I think it’s still an open question, though, what even this sort of “only useful for people who know what they’re doing” interpretability analysis would be. Existing approaches still have many issues.
While I agree with you that setting the context as Safety narrows down the requirements space for interpretability, I think there could be more than just excluding the interpretability of non-technical users from the picture. The inspections that technicians would want to be reassured about the model safety are probably around its motivations (e.g is the system goal directed, is the system producing mesa-optimisers). However, it is still unclear to me how this relate with other interpretability desiderata you present in the post.
Plus, one could also immagine safety-relevant scenarios were it may be necessary or useful for non-technical users to be able to interpret the model. For instance, if the model has been deployed and is adaptive and we somehow cannot do this automatically, we would probably want users to be able to inspect if the system is somehow made a decision for the wrong reason.

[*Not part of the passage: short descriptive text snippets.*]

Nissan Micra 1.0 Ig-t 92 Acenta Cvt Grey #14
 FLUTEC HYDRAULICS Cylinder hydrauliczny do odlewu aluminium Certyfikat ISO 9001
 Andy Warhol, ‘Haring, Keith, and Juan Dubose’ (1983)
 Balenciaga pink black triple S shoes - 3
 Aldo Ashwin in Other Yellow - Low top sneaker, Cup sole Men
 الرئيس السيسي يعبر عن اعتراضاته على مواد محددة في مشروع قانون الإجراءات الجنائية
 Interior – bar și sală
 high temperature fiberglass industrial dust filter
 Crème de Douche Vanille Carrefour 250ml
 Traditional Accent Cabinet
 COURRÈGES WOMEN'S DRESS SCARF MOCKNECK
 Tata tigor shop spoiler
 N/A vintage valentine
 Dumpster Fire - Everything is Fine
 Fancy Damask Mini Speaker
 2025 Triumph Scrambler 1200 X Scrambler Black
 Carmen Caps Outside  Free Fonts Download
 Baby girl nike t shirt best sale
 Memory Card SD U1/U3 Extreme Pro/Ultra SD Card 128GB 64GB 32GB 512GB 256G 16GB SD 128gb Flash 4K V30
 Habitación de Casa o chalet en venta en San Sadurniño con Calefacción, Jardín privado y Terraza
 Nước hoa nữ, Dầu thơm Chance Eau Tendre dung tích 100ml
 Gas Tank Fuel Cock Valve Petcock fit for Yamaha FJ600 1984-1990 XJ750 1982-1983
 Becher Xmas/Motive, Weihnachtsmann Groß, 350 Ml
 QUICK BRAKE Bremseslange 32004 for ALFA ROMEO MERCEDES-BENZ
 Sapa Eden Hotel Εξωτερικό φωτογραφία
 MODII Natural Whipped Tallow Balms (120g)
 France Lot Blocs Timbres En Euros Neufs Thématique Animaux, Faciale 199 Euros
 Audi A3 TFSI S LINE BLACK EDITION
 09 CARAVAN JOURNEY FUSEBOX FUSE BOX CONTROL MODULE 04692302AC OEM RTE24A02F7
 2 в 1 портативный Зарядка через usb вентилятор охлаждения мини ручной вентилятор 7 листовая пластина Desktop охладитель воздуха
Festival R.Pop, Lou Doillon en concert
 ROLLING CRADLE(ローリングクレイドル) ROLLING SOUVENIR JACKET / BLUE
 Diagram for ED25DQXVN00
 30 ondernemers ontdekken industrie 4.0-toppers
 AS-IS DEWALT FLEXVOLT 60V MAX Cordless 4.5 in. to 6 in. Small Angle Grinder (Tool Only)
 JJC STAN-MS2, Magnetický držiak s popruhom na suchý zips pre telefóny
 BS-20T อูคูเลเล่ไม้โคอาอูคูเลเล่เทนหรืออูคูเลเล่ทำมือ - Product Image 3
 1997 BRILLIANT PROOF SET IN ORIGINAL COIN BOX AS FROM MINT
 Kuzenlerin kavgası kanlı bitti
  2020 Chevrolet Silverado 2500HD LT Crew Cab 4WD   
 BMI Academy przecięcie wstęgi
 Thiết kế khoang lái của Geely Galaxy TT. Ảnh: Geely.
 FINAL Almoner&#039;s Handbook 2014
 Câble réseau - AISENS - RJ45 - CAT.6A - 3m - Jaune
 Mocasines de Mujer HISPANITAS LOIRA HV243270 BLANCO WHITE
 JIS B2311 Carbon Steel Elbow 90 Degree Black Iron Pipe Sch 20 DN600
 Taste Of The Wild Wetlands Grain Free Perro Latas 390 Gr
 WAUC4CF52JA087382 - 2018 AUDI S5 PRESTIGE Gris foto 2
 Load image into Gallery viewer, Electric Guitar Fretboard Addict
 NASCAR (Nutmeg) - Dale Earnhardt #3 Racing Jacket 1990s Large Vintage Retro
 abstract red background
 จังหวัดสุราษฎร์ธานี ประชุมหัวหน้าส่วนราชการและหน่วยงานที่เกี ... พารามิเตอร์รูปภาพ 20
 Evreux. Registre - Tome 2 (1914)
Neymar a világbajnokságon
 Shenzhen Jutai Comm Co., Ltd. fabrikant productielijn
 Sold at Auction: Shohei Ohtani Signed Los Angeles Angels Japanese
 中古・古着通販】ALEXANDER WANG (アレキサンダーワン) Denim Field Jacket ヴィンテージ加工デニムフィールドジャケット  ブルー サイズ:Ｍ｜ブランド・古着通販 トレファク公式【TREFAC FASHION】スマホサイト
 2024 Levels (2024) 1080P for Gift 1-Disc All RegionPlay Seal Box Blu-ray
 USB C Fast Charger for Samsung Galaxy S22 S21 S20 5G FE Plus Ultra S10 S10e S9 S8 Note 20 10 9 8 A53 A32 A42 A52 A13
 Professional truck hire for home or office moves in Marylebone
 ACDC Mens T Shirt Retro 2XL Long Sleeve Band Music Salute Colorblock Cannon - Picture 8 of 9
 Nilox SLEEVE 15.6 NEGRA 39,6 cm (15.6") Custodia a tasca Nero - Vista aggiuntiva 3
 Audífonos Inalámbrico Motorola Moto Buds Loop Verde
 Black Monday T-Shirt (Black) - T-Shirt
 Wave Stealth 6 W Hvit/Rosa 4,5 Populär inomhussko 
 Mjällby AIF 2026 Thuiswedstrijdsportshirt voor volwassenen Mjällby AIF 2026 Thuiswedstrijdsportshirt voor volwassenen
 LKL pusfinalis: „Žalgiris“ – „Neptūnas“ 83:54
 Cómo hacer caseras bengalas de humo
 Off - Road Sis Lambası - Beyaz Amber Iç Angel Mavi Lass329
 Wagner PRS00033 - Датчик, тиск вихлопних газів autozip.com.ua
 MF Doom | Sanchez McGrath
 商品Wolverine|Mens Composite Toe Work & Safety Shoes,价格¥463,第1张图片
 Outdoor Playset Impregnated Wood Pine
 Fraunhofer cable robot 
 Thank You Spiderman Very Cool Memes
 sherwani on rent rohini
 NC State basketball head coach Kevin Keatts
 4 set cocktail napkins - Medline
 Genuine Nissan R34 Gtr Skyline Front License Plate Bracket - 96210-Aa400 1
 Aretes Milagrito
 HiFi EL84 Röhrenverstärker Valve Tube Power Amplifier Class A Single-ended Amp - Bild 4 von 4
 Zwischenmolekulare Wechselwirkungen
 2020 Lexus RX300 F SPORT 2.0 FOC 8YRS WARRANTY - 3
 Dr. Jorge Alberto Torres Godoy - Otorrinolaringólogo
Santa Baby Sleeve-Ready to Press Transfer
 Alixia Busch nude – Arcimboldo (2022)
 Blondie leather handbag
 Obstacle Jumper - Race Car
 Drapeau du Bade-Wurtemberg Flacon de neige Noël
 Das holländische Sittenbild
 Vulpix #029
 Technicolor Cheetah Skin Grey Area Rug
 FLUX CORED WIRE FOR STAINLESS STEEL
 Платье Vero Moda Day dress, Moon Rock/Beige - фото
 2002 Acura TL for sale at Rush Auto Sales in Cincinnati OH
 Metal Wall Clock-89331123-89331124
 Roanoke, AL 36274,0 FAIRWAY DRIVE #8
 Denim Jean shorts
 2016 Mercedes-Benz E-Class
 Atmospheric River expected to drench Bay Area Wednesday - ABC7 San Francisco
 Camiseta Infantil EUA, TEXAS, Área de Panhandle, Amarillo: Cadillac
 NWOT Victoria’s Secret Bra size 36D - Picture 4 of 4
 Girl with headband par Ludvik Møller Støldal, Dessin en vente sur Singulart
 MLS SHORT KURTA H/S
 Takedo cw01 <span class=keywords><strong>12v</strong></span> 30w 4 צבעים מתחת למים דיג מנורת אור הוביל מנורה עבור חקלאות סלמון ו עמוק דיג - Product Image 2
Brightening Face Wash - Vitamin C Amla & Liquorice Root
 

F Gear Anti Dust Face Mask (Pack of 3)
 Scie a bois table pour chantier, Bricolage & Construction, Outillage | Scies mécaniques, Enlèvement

Regarding how interpretability can help with addressing motivation issues, I think Chris Olah’s views present situations where interpretability can potentially sidestep some of those issues. One such example is that if we use interpretability to aid in model design, we might have confidence that our system isn’t a mesa-optimizer, and we’ve done this without explicitly asking questions about “what our model desires”.
I agree that this is far from the whole picture. The scenario you describe is an example where we’d want to make interpretability more accessible to more end-users. There is definitely more work to be done to bridge “normal” human explanations with what we can get from our analysis.
I’ve spent more of my time thinking about the technical sub-areas, so I’m focused on situations where innovations there can be useful. I don’t mean to say that this is the only place where I think progress is useful.
I’ve spent more of my time thinking about the technical sub-areas, so I’m focused on situations where innovations there can be useful. I don’t mean to say that this is the only place where I think progress is useful.
That seems more than reasonable to me, given the current state of AI development.
Thanks for sharing your reflections on my comment.
I think that the general form of the problem is context-dependent, as you describe. Useful explanations do seem to depend on the model, task, and risks involved.
However, from an AI safety perspective, we’re probably only considering a restricted set of interpretability approaches, which might make it easier. In the safety context, we can probably less concerned with interpretability that is useful for laypeople, and focus on interpretability that is useful for the people doing the technical work.
To that end, I think that “just” being careful about what the interpretability analysis means can help, like how good statisticians can avoid misuse of statistical testing, even though many practitioners get it wrong.
I think it’s still an open question, though, what even this sort of “only useful for people who know what they’re doing” interpretability analysis would be. Existing approaches still have many issues.
While I agree with you that setting the context as Safety narrows down the requirements space for interpretability, I think there could be more than just excluding the interpretability of non-technical users from the picture. The inspections that technicians would want to be reassured about the model safety are probably around its motivations (e.g is the system goal directed, is the system producing mesa-optimisers). However, it is still unclear to me how this relate with other interpretability desiderata you present in the post.
Plus, one could also immagine safety-relevant scenarios were it may be necessary or useful for non-technical users to be able to interpret the model. For instance, if the model has been deployed and is adaptive and we somehow cannot do this automatically, we would probably want users to be able to inspect if the system is somehow made a decision for the wrong reason.
Regarding how interpretability can help with addressing motivation issues, I think Chris Olah’s views present situations where interpretability can potentially sidestep some of those issues. One such example is that if we use interpretability to aid in model design, we might have confidence that our system isn’t a mesa-optimizer, and we’ve done this without explicitly asking questions about “what our model desires”.
I agree that this is far from the whole picture. The scenario you describe is an example where we’d want to make interpretability more accessible to more end-users. There is definitely more work to be done to bridge “normal” human explanations with what we can get from our analysis.
I’ve spent more of my time thinking about the technical sub-areas, so I’m focused on situations where innovations there can be useful. I don’t mean to say that this is the only place where I think progress is useful.
That seems more than reasonable to me, given the current state of AI development.
Thanks for sharing your reflections on my comment.